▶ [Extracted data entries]
---------------
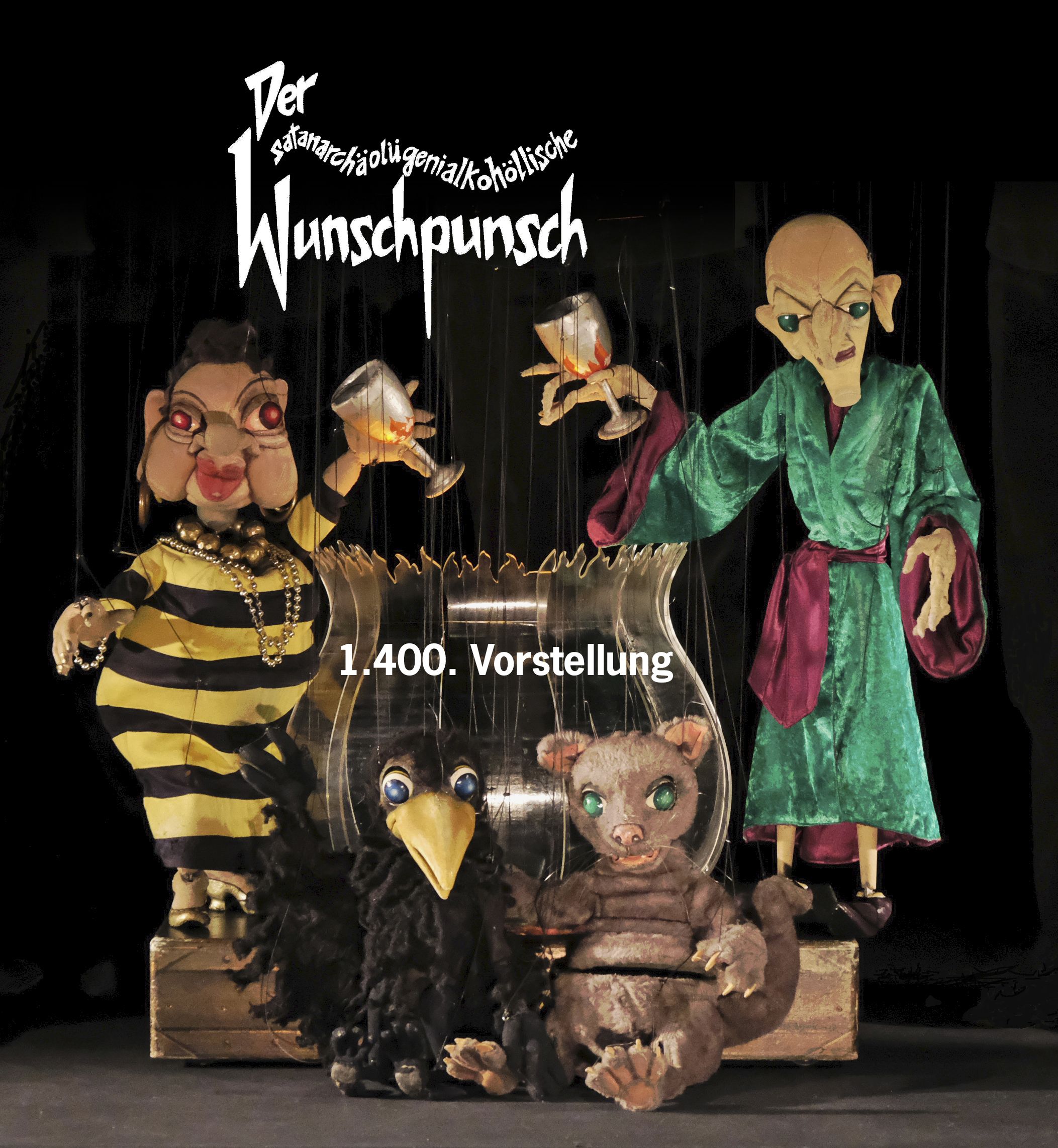 Die 1.400. Wunschpunsch-Vorstellung mit Schriftzug / Foto: Düsseldorfer Marionetten-Theater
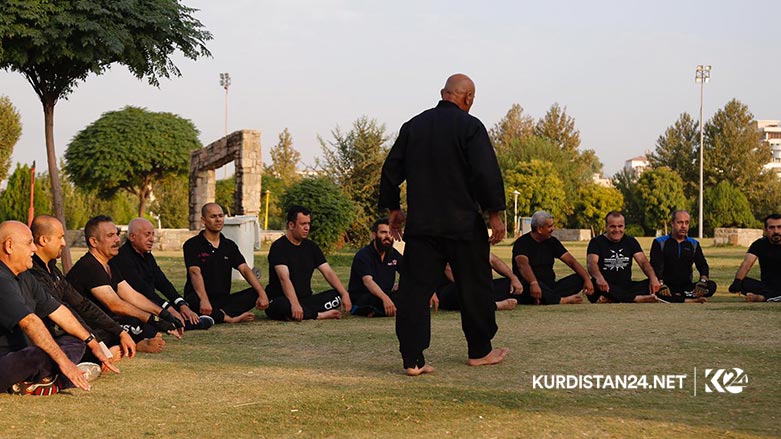 راهێنه‌رێك خۆبه‌خشانه‌ 14 ساڵ راهێنان به‌ هاوڕێكانی ده‌كات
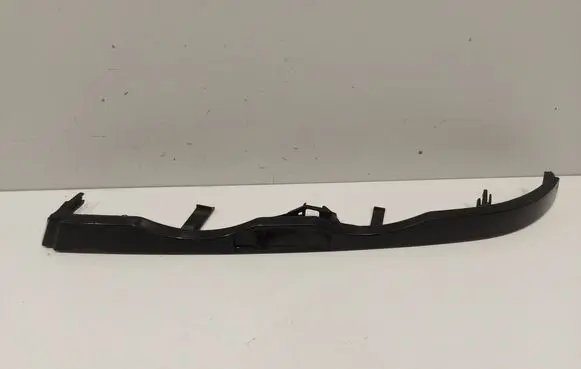 BMW 3 E46 Under headlight/headlamp trim 8227643
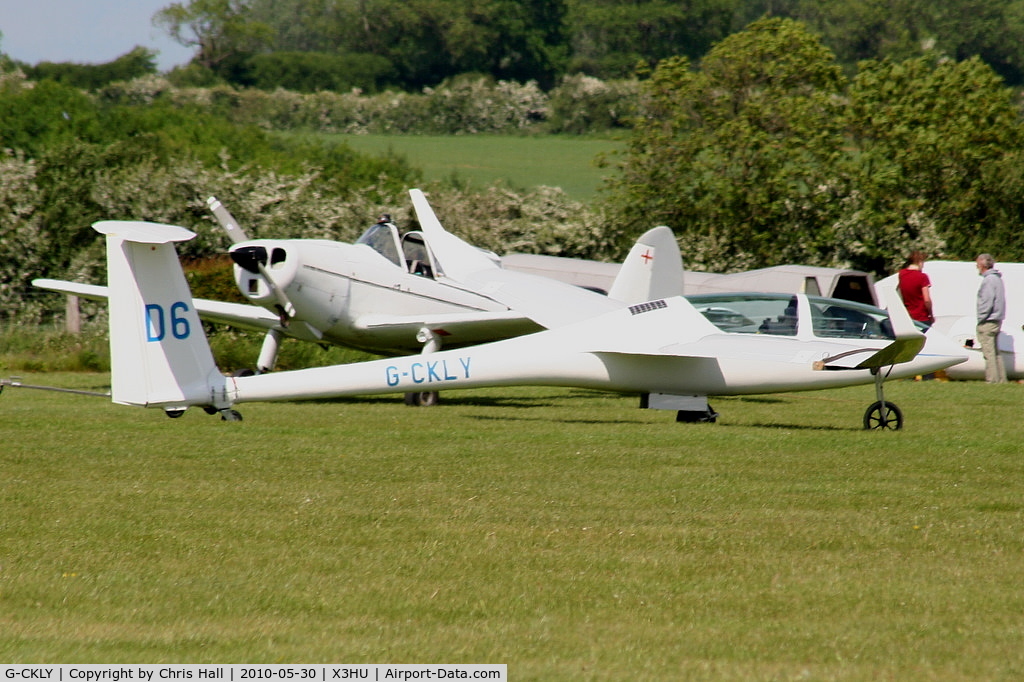 G-CKLY, 2005 DG Flugzeugbau DG-1000T C/N 10-66T6, at the Coventry Gliding Club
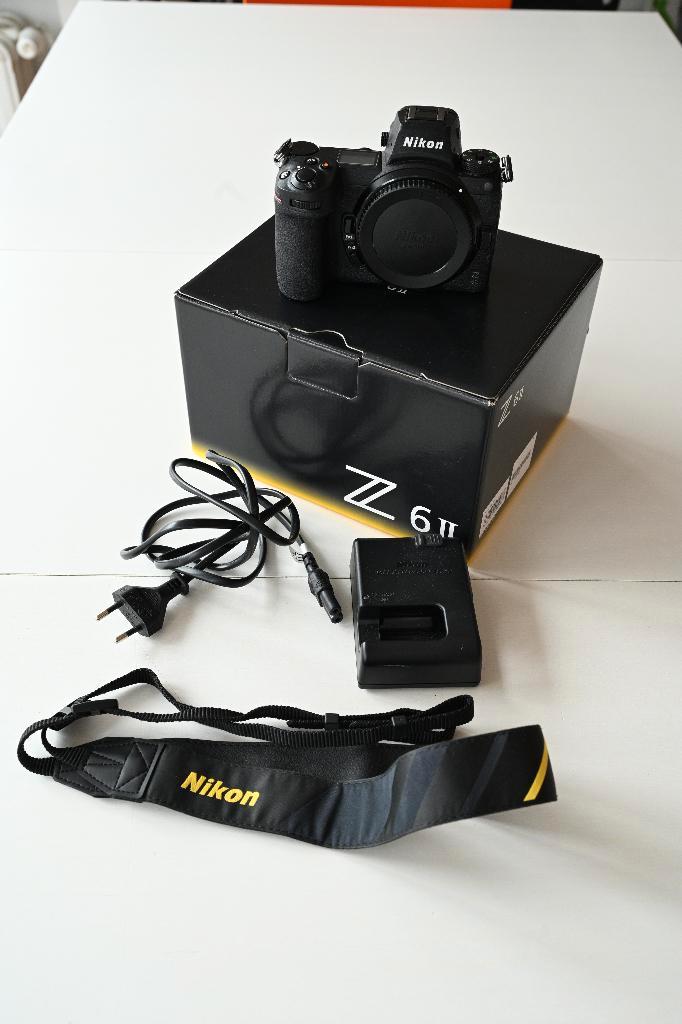 Nikon Z6II - 11 124 Clicks - Très bon état, TV, Hi-fi & Vidéo, Appareils photo numériques, Comme neuf, Nikon, Enlèvement ou Envoi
---------------
▶ [Work required] Please copy the lines above exactly as written, apart from any pictures.

▶ [Problem solution]
 Die 1.400. Wunschpunsch-Vorstellung mit Schriftzug / Foto: Düsseldorfer Marionetten-Theater
 راهێنه‌رێك خۆبه‌خشانه‌ 14 ساڵ راهێنان به‌ هاوڕێكانی ده‌كات
 BMW 3 E46 Under headlight/headlamp trim 8227643
 G-CKLY, 2005 DG Flugzeugbau DG-1000T C/N 10-66T6, at the Coventry Gliding Club
 Nikon Z6II - 11 124 Clicks - Très bon état, TV, Hi-fi & Vidéo, Appareils photo numériques, Comme neuf, Nikon, Enlèvement ou Envoi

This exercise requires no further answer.